## Task to carry out
Where the data below shows a picture, leave that picture out and copy the rest exactly.

## Data segment
= Beginning of Section =

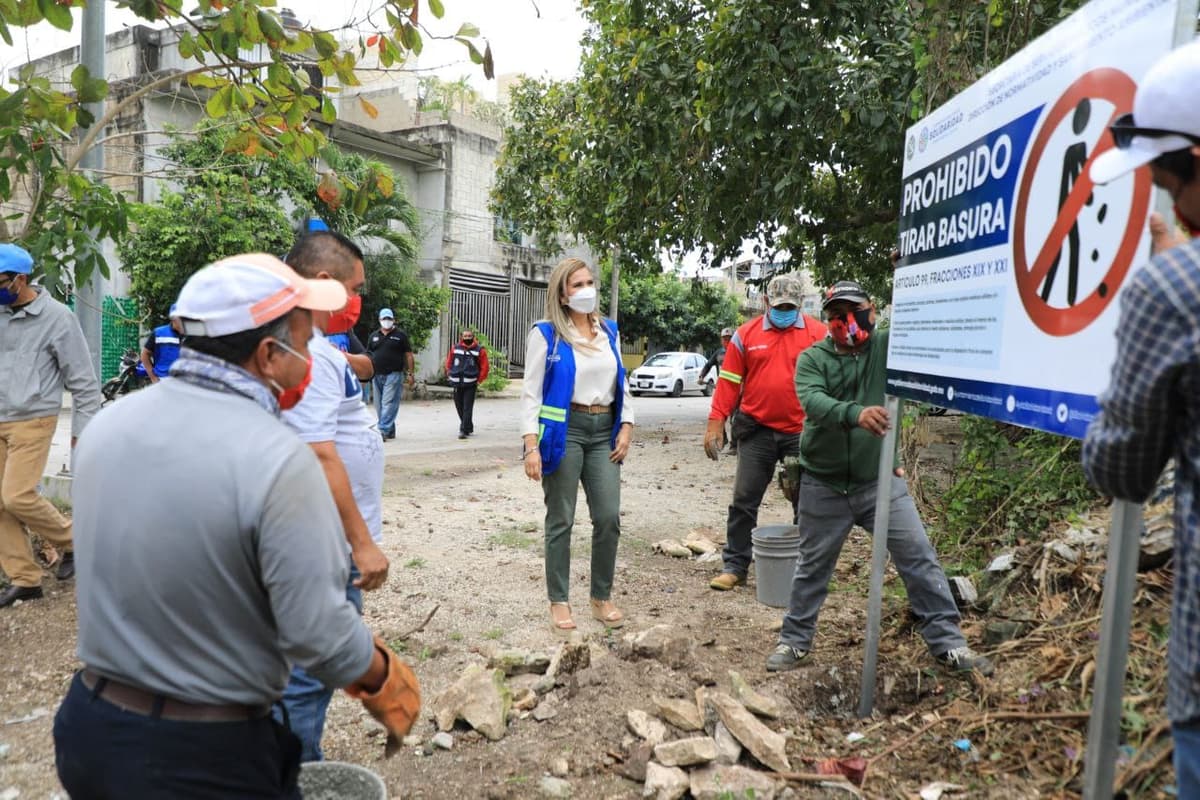 Responde gobierno municipal a peticiones de vecinos de la colonia Nicte Há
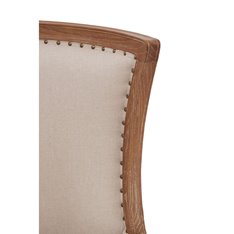 Cream Upholstered Mahogany Armchair Image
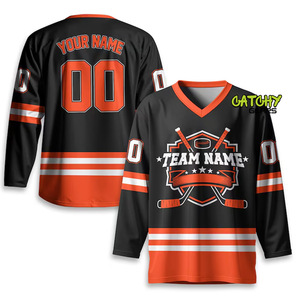 Maillot d'entraînement de hockey sur glace à séchage rapide et à manches longues au meilleur prix Logo de l'équipe personnalisable imprimé avec des vêtements de sport de qualité par sublimation - Product Image 6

= End of Section =

## Reply to the exercise
 Responde gobierno municipal a peticiones de vecinos de la colonia Nicte Há
 Cream Upholstered Mahogany Armchair Image
 Maillot d'entraînement de hockey sur glace à séchage rapide et à manches longues au meilleur prix Logo de l'équipe personnalisable imprimé avec des vêtements de sport de qualité par sublimation - Product Image 6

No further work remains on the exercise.